Look for the word "Women" in the entries and copy each line where it appears.
═══ RECORDS TO PROCESS ═══
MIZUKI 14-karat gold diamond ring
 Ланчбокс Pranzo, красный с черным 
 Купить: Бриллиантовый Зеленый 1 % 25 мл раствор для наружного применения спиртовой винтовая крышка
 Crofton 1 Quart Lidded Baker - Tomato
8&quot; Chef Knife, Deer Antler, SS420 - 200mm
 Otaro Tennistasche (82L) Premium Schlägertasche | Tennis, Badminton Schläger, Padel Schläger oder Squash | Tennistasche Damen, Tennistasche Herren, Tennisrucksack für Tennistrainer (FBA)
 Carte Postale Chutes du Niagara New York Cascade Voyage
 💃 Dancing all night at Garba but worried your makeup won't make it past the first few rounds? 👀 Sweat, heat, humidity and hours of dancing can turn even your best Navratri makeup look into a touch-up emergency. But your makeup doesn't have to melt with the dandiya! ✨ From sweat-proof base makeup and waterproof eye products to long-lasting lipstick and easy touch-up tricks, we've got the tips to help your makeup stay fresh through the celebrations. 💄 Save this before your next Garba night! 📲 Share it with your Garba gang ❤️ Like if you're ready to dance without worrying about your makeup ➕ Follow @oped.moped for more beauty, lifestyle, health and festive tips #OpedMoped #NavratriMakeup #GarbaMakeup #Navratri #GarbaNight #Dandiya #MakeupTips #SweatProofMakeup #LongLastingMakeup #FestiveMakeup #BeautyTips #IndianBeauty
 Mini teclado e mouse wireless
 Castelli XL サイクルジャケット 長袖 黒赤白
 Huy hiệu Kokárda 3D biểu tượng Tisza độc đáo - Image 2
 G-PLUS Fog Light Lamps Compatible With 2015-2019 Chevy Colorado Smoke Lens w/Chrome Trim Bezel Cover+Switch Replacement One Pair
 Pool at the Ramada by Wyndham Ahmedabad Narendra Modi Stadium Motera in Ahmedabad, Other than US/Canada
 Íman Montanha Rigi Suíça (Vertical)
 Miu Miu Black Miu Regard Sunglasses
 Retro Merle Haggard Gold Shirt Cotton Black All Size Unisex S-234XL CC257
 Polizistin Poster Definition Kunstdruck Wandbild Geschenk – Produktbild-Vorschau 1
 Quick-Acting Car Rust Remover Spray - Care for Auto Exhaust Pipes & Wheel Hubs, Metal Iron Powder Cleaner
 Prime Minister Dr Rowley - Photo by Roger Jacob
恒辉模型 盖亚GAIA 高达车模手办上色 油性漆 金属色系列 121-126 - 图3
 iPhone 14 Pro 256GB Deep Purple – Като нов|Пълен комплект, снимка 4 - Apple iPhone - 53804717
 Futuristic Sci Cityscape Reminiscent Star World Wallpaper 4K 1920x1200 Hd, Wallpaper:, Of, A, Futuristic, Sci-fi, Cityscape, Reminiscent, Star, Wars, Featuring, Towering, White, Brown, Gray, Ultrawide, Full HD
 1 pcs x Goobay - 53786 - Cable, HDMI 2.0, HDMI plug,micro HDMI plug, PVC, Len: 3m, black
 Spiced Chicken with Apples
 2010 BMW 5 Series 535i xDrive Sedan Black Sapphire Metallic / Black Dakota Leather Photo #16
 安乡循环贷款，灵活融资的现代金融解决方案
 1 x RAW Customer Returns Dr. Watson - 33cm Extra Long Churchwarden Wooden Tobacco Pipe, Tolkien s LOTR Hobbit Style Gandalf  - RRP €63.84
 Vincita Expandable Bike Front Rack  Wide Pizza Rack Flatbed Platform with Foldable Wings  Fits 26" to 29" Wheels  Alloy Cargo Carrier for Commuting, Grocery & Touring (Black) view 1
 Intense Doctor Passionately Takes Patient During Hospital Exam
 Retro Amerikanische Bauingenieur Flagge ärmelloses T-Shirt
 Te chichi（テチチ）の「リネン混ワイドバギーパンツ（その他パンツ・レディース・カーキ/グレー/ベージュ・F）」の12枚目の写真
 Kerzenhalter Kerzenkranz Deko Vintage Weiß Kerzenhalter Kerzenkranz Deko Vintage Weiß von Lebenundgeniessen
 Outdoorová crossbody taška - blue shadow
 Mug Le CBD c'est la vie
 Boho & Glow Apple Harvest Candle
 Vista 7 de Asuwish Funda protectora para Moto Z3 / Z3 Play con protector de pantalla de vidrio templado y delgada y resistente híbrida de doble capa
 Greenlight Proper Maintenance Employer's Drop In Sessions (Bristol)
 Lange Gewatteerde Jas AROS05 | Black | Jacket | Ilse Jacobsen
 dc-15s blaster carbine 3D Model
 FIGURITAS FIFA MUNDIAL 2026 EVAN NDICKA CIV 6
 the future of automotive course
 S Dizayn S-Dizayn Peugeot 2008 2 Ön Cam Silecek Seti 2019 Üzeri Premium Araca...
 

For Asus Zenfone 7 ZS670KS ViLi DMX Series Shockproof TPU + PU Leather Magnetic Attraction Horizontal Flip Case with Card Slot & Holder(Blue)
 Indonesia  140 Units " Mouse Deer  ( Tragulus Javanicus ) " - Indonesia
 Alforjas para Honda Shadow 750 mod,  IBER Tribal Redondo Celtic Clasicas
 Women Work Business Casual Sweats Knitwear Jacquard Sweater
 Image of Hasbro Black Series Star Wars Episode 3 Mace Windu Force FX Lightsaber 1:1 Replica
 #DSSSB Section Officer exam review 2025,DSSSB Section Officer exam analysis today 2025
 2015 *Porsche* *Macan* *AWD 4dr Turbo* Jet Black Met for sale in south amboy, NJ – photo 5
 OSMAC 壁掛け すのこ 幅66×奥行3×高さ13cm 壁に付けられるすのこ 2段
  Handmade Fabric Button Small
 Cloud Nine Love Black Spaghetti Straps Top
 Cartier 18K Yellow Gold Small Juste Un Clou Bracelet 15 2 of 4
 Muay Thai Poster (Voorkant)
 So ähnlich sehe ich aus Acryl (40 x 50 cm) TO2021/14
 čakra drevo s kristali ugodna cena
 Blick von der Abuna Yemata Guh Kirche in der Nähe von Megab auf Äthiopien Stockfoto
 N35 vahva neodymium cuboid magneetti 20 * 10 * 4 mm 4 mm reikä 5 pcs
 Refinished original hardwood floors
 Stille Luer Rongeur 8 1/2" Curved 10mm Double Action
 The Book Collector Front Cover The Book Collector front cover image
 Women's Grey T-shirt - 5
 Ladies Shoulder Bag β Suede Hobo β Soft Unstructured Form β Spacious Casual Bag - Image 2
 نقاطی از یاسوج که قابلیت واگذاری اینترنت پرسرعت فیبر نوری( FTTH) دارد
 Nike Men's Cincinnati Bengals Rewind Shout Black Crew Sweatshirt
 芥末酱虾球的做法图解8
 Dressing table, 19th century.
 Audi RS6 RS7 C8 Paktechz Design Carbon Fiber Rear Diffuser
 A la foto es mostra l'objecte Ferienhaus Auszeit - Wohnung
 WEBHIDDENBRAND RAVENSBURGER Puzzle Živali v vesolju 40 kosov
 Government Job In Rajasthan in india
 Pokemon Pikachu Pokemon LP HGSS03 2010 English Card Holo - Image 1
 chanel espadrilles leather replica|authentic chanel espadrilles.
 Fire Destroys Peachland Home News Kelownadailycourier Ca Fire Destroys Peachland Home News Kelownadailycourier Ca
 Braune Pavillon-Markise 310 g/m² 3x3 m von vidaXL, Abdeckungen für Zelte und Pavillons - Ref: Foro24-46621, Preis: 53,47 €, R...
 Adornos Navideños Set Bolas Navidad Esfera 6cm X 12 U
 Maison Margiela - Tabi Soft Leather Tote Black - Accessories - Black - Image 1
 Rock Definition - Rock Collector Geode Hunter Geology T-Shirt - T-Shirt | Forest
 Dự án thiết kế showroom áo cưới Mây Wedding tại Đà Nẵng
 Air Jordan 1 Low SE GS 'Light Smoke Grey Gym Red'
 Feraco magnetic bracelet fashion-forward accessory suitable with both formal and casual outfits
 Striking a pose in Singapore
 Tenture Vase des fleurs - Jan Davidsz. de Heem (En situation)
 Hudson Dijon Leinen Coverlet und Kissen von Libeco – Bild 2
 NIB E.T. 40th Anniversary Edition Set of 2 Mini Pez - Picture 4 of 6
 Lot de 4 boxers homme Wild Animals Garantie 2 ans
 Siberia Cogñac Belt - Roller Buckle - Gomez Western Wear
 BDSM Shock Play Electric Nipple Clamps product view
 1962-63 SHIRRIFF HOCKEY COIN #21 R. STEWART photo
═══
## ANSWER FOR THE TASK
 Women Work Business Casual Sweats Knitwear Jacquard Sweater
 Women's Grey T-shirt - 5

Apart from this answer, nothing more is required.